Since last November, members of the Royal Cambodian Armed Forces
(RCAF) have been cutting down large areas of forests in the region and
transporting the timber across the border to be sold illegally on the
international market. Evidence is mounting that the RCAF troops are
operating under the guidance of Cambodian Prime Minister Hun Sen and
that the money they are raising helps fill the coffers of the ruling
Cambodian Communist Party (CCP).
Global Witness, the British-based environmental watchdog, has
estimated that timber stockpiles stored in southern Vietnam total
260,000 cubic meters, onservatively worth about $130 million. This
represents about one third of the Cambodian national budget.
"This trade is illegal, the logging is highly destructive and
wasteful--none of the money will go to the Cambodian Treasury--and,
most dangerously, it will fund the military and political parties,
predominantly the CPP, in the lead-up to the election," Global Witness
founder Patrick Alley said.
With political and pecuniary interests driving the logging issue, the
hill tribes' only chance of preserving the forests that provide their
livelihood is to legitimize their claim to the land. With no title
deeds inexistence and native title laws nonexistent, the tribes are
working with the Oxfam-supported Non-Timber Forest Products (NTFP) to
have the government recognize the economic and conservation value of
preserving the forests and the people who live in them.
"Our argument is that if the forests are cut down and modern
agriculture implemented, all of the land would be used exhaustively at
a great cost to the environment," said Gordon Paterson, NTFP project
coordinator in Ban Lung. "The traditional system is much more
sustainable.

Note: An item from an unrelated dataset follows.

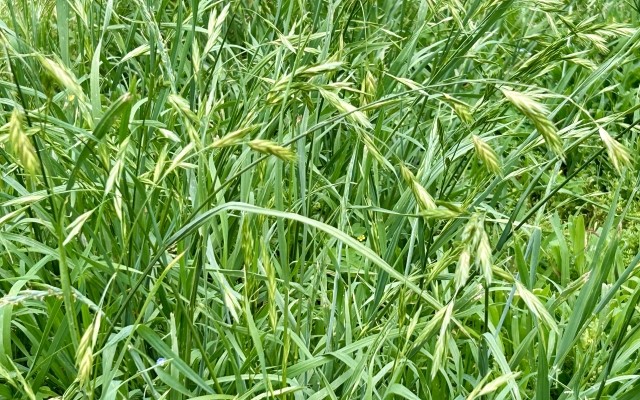 リフォーム・ハウスクリーニングのお客様の声：画像2枚目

These people maintain the land as a mosaic of fertility.
They use small areas of land for swidden [slash-and-burn] agriculture,
leaving the vast majority of the old growth forests untouched, for
this is the area where they collect bamboo, hunt small animals and
fish."
But although the Department of Forestry and Agriculture has accepted
the hill tribes' argument in principle, the logging continues
unabated. Said the 76-year-old chief of one village a short distance
west of Ban Lung: "I worry every day that men in trucks will come in
and kill our great forest."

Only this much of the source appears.